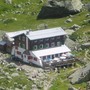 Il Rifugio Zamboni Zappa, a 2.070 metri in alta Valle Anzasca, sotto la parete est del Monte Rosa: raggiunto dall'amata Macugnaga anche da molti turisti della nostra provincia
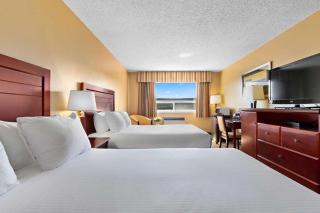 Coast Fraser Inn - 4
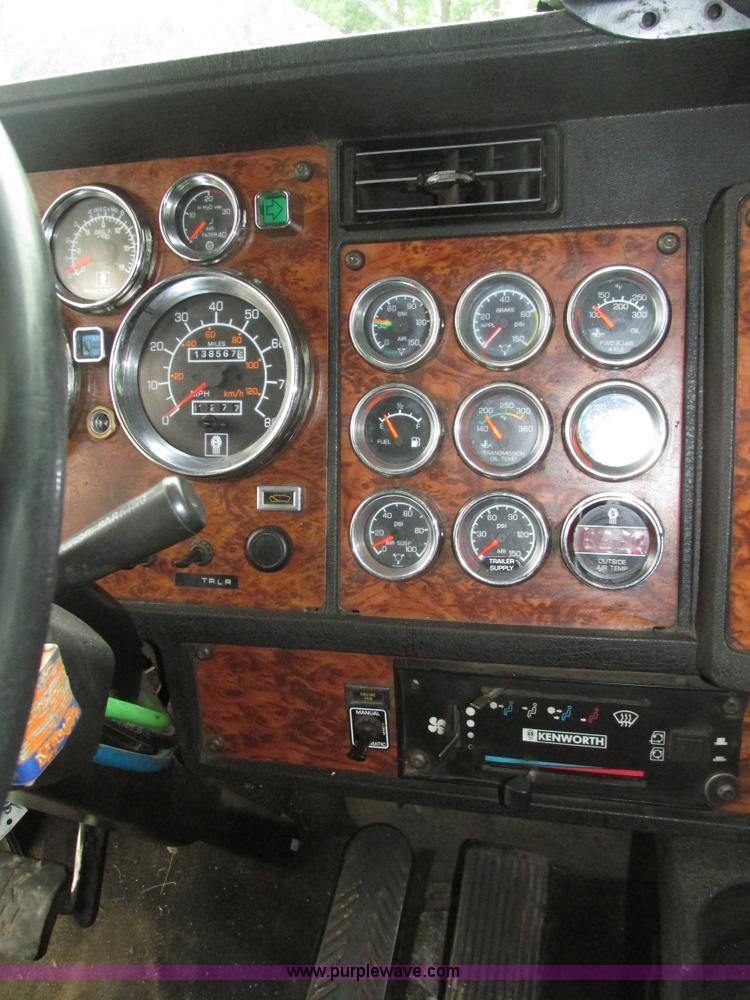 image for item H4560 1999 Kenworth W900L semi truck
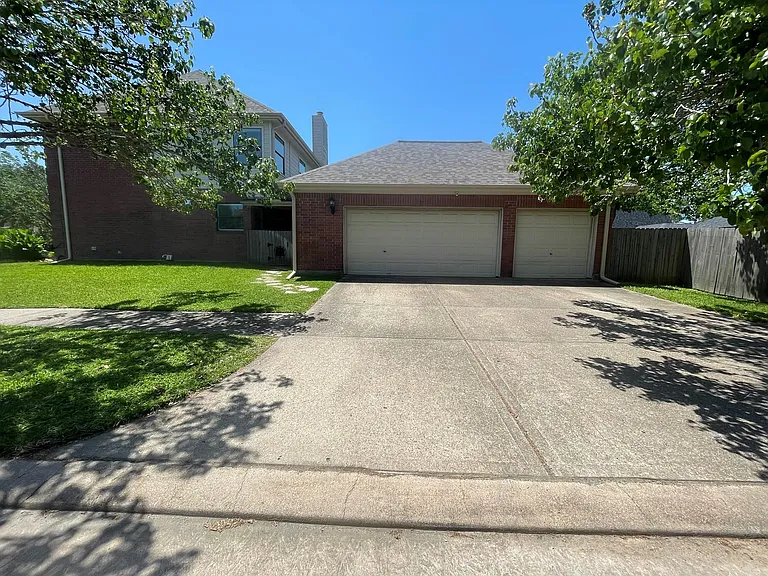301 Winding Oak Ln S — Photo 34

DIRECTIONS:
Exactly as written, give again every line from the one containing "image for item" through the last line of the material, both included, with the pictures left out.

RESULT OF THIS TASK:
 image for item H4560 1999 Kenworth W900L semi truck
301 Winding Oak Ln S — Photo 34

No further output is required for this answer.